Statute spine · Data principal

DPDP Act, 2023: rights and duties of data principals

Audience: support, legal-ops, trust, product · Linked from the chapter map · Last reviewed: March 2026

See also: Compliance portal · Official resources · Guides index

This cluster is where the law meets tickets. Data principals—the individuals the data is about—have a structured set of rights that must become routing rules, SLAs, identity checks, and completion records. Principal-side duties also matter when requests are abusive or when accuracy depends on user input.

If your organization cannot explain, in one internal page, how each right is requested, validated, fulfilled, and logged, you are not yet “rights-ready”; you are hoping for low volume.

Request-handling guides and checklists aligned with principal-side rights.

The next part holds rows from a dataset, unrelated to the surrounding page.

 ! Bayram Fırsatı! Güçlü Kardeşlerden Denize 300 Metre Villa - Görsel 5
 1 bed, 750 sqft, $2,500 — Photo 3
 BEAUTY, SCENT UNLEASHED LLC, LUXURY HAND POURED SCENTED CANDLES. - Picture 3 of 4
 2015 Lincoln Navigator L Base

Rights at a glance (operational framing)

  • Access and transparency about processing — Principals need a credible path to understand what you hold and how it is used; your CRM exports and admin tooling must match the story your notice tells.
  • Correction — Workflows for structured profile data and messy human records (support notes, onboarding emails) need owners.
  • Erasure — Deletion interacts with backups, retention law, accounting records, and security logs; document what is deleted, minimized, or retained under counsel-approved rationale.
  • Grievance redressal — A visible escalation path that does not become a black hole; align with your public grievance channel commitments.
  • Nomination — Less common in day-one implementation, but high impact when needed: define how you verify authority without creating new security risks.

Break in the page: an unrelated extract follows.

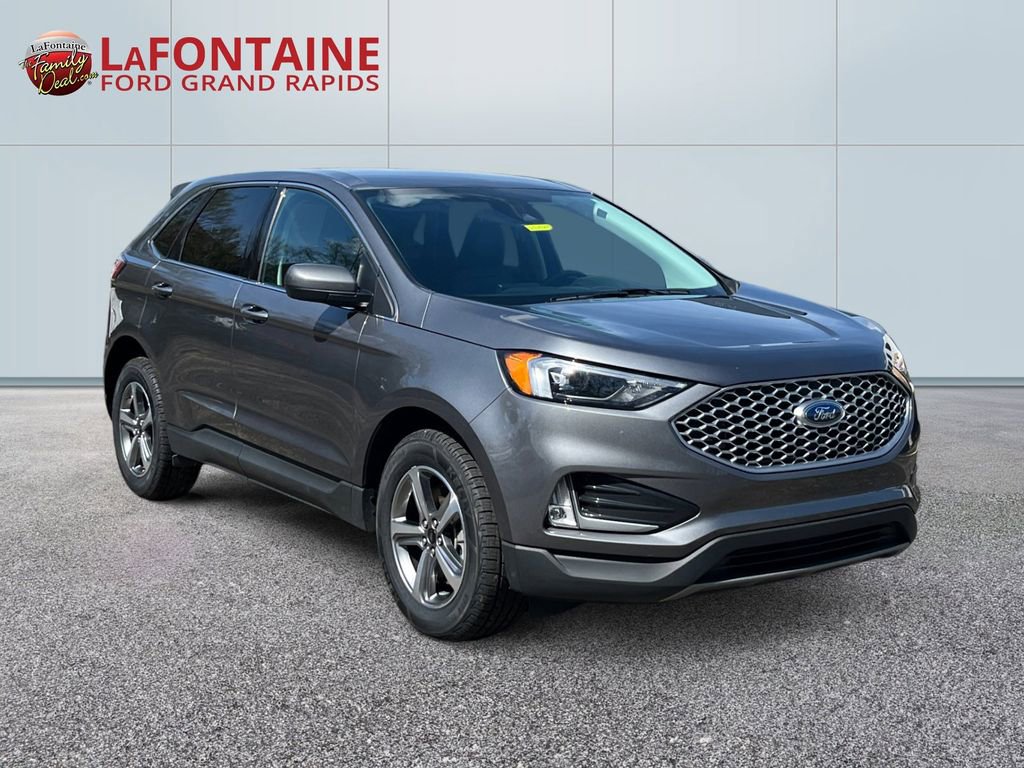 Certified 2024 Ford Edge SEL w/ Convenience Package AWD/4WD image 3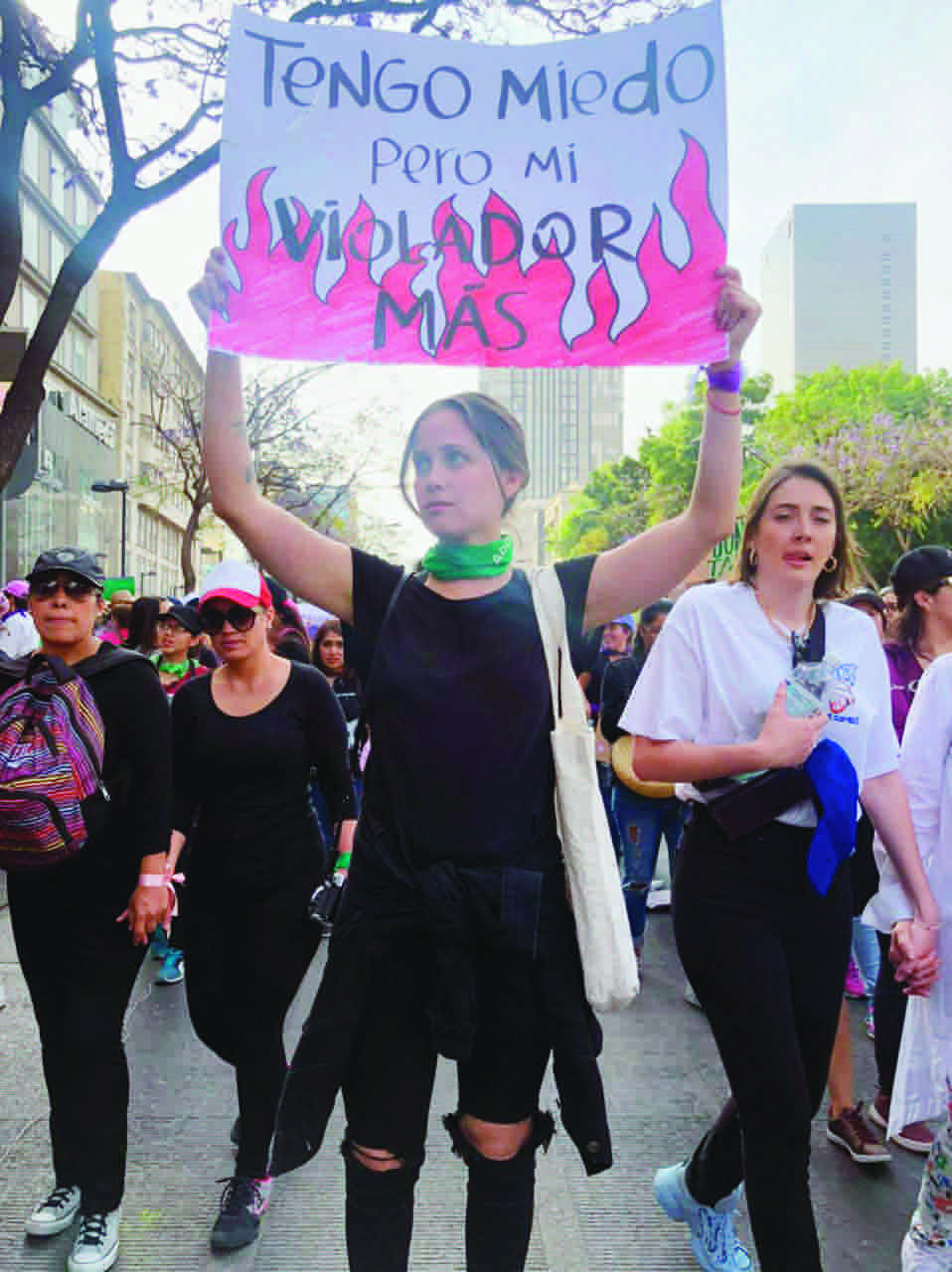 Natasha Dupeyron marcha feminista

What to do next (program steps)

  1. Single intake — One form or email path with clear categories (access / correction / deletion / other). Avoid scattered inboxes.
  2. Triage rules — Which systems are searched first, who approves unusual exports, and when legal must be in the loop.
  3. Identity proportionality — Use checks that match risk; document the standard so agents do not improvise under pressure.
  4. Completion and appeals literacy — Train frontline teams on closure wording and where principals can escalate under the Act’s framework.
  5. Fiduciary linkage — Rights responses depend on accurate upstream processing; pair this cluster with the fiduciary obligations spine.